Filed under: Ann the Columnist:Essays — Ann @ 9:10 am

Recently on a hot summer afternoon I padded around barefoot in the backyard doing my chores, reveling in the warm pavement/cool grass contrast, and letting the hose water dribble on my toes when I filled Geronimo’s drinking dish. Later that night I was in the bathroom standing on one foot and then the other, using soap and a washcloth to render my feet sheet-worthy, and suddenly I was nine years old again, sitting in a tent at Hat Creek, taking my evening bath.

From the time I was very young, my parents took my brother and sister and me camping at Hat Creek, situated near Mt. Lassen. That was before Interstate 5 up to Redding was built, so traveling meant a long, hot dusty ride up Highway 99, the smell of alfalfa blowing in through the opened windows (out which, occasionally, my sister’s and my feet were sticking — this was before seat belts). The names of the towns charmed me, even as a child — Corning (Olive Town!), Richfield, Maxwell, Arbuckle — as did my parents’ vacation rituals, such as my Mom’s warning that “It’s going to be hot going up through that Valley!” and my Dad’s vacation morning, “Let’s get this show on the road!”

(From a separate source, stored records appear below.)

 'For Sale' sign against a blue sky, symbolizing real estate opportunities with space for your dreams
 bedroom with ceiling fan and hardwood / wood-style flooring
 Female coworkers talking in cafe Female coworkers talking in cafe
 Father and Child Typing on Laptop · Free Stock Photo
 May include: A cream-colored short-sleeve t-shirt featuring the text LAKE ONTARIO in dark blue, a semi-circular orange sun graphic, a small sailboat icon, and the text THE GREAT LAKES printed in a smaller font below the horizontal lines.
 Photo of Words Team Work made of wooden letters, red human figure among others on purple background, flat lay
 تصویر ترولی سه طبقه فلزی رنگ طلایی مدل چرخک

My Dad was responsible for fishing-related duties and packing the car, my Mom was responsible for cooking, cleaning up, and taking care of the three kids, which included our nightly “sponge baths” in the tent, usually by flashlight — the lantern turned off to maintain our modesty lest our silhouettes be broadcast against the canvas. It always felt so good to climb into my sleeping bag at night after a hard day’s play, the sweet smell of Ivory soap filling my flannel cocoon as I drifted off to sleep in my sleeping bag, the grown-ups’ voices outside at the camping table lulling me to dreamland.

But the memory which flashed back to me as I stood in my bathroom washing my feet was the concept of “traveling clothes.” My mother took pristine care of her kids, even while camping, making two hot meals a day on her Coleman stove (lunches were sandwiches and cream soda) and, as mentioned, seeing to our ongoing hygiene. And one of her cleanliness rituals was making sure that, tucked at the very bottom of the suitcase, was a fresh set of traveling clothes for her children.

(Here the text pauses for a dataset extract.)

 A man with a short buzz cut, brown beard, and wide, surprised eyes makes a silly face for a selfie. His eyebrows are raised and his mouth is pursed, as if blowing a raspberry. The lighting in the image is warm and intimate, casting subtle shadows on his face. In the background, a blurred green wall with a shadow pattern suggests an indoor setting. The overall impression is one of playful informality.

The traveling clothes were the shorts and shirts we weren’t allowed to wear for all the weeks of camping, because on the last morning, after our final wash-up, on would go the clean socks and fresh shorts outfits, usually smelling of cool canvas from being at the bottom of the stack. And getting into these outfits would be the last thing we did before clambering into the Mercury to make the long sad trip from the mountains down to the flat, treeless East Bay. I guess my Mom’s thinking was that when we stopped at gas stations or rest stops (I don’t recall ever eating at restaurants), her children were going to be scrubbed and well-dressed. When I think about the effort she put in to making that happen, my heart does something funny inside my chest.

I loved childhood camping with my parents more than any other thing. So, many decades later, I was shocked to overhear my mother say that she never enjoyed those trips — too much work. Well, yeah! Of course, why didn’t I think of that? We were all playing and “vacating” while Mom was doing the same work she did back home, except without hot and cold running water, bathtubs, refrigeration or a washing machine. But not once, not ever, did I hear her complain about it at the time.

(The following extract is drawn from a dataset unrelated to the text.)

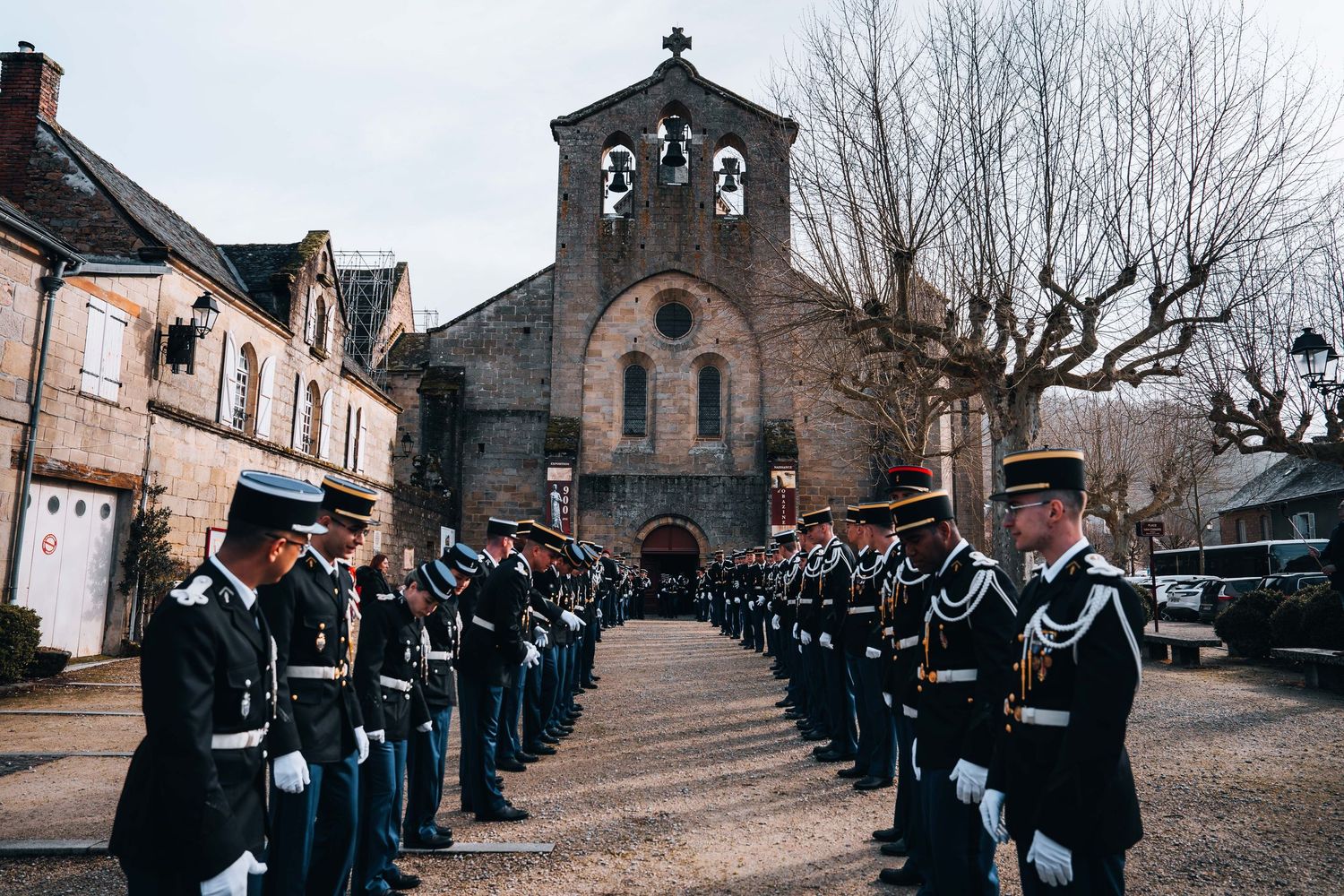 French gendarmerie officers in dress uniform form a ceremonial honor guard outside a historic stone church.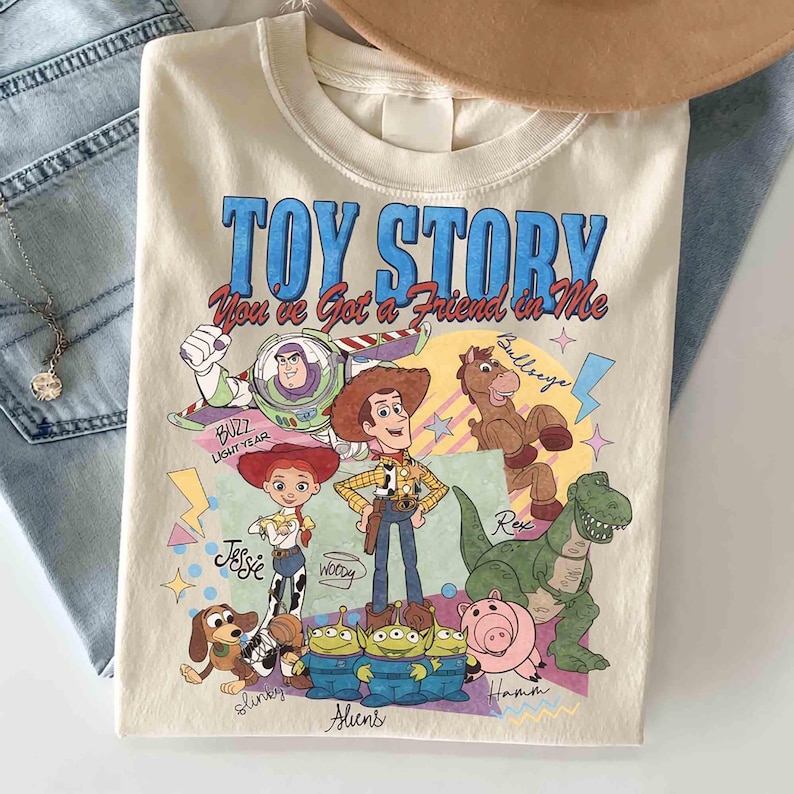 May include: Cream-colored Toy Story graphic t-shirt featuring Buzz Lightyear, Woody, Jessie, Rex, Slinky, Bullseye, Hamm, and the Aliens. The shirt has the text "TOY STORY You've Got a Friend in Me" in blue and red.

I don’t know if our everlasting gratitude could ever make it up to her. It sounds a lot more romantic to say, “My Dad taught me how to catch and clean a trout” than it does to say, “My Mom taught me how to give myself a sponge bath in a pitch dark tent in the middle of the wilderness.” But to me, the latter is no less a skill.

These are some of the things I think about, when I’m in the bathroom, washing my feet.